Agape Research


How can we develop
Our Spirituality?
by Rolf Witzsche


 

Throughout history, processes have been brought to light that were designed to enhance out spirituality. The was not to make people more spiritual, but to help them to become more fully aware of the spirituality that is already the reality of every human being.

The first person who may have consciously engaged in such a project, evidently was Homer in 7th Century BC, who is regarded by scholars as the spiritual father of the Greek Classical culture that eventually created the background for the beginning of the Christian era. Homer saw a nation of isolated mountain tribes with a small and primitive vocabulary, and dominated by dehumanizing and overpowering mythologies. He acted to create a vastly more complex language that is able to support more complex thought processes, and brought this language to life through his poetic works, the Illiad and the Odyssey. With it he developed a greater sense of humanism and a developing sense of the nature of humanity. In this flow the great Solon of Athens emerged, and Socrates and Plato, and soon thereafter Christ Jesus, and with him the beginning of Christianity.

Much of that humanist development collapsed during the reign of terror of the Roman Empire and the dark ages that followed. There would be no revival of it until the 12th Century AD when Aligheri Dante started a similar cultural development to that of Homer. Dante collected the best dialects from all across Italy and created a language of extraordinary beauty, and which once again could support high level thinking. He brought this language to light through his poetic trilogy, the "Divine Comedy." In this work he explored three domains of thinking. The domain of depravity, that he termed Hell, the domain of spiritual awakening that he termed "Purgatory," and finally, the domain of science and of the principled order of the universe, that he called Paradise. With this humanist foundation that focuses on the spiritual development of society, Dante evidently set the stage on which the Golden Renaissance would eventually unfold.

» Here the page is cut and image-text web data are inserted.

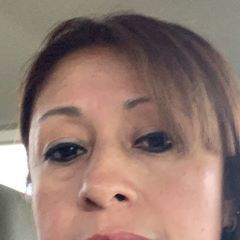 Profile Picture of Hortencia Jiménez (@user9gmyz6x6le) on Tiktok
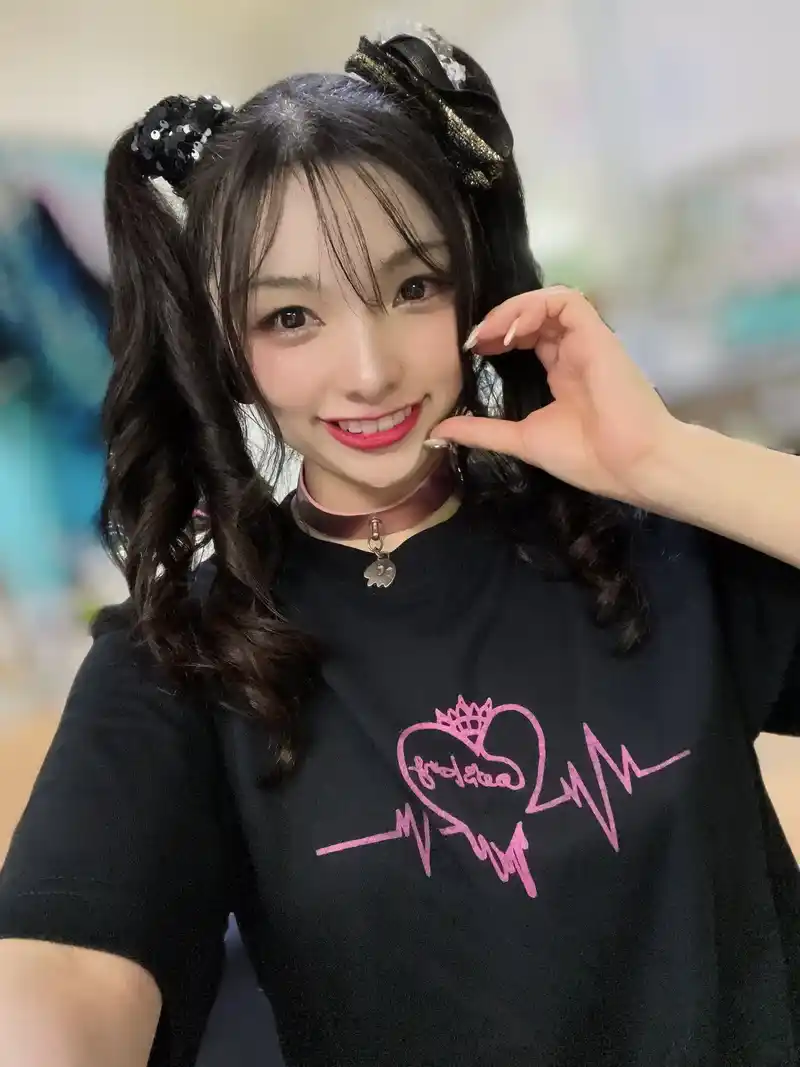 永作ねね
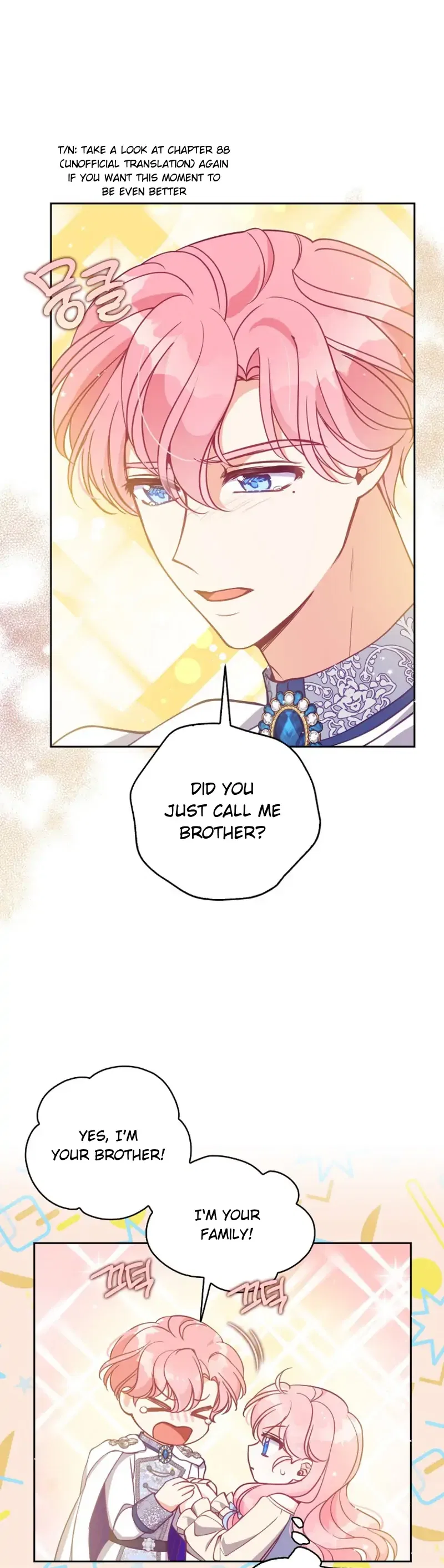 Villain Duke’s Precious One Chapter 106 – Page 6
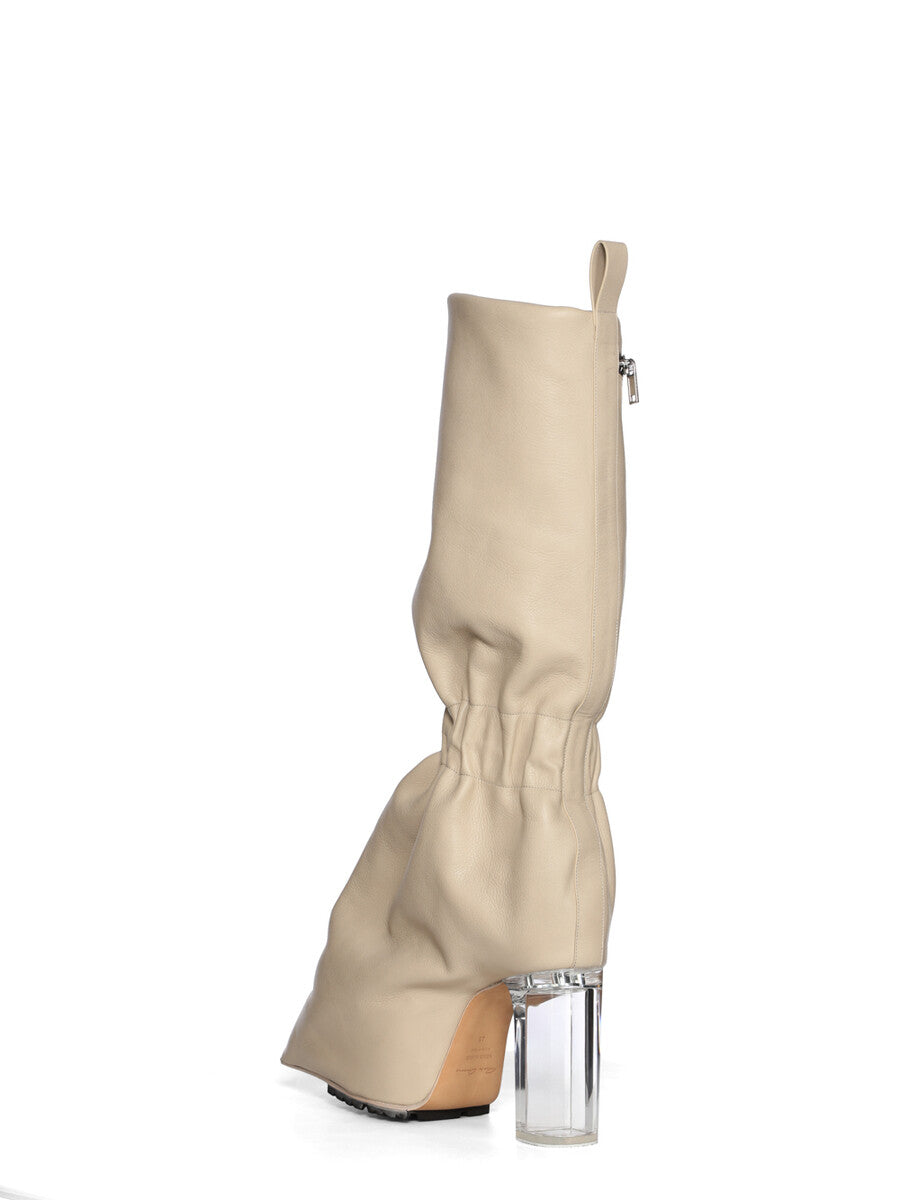 RO01F6845_LCN0_1380 | CARGO TAQUITO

Much later in time, in the 19th Century, another stage was being prepared for the scientific and spiritual development of society. It was prepared on a totally scientific foundation, created by a woman named Mary Baker Eddy who lived in New England area of the USA. Her work on this issue resulted in the discovery of Christian Science in 1866. She called it "the final revelation of the absolute divine Principle of scientific mental healing."(S&H p.107) The revelation of Christian Science became a platform for the revival of primitive Christian healing on a scientific basis. The unfolding healing process began with her own instantaneous healing from injuries received from a fall on an icy street. The injuries were severe and deemed to be fatal, but her recognition of the ageless divine Principle that Christ Jesus had evidently utilized resulted in such a profound healing that she literally rose from her death bed and opened the door to the Minister who came to bury her.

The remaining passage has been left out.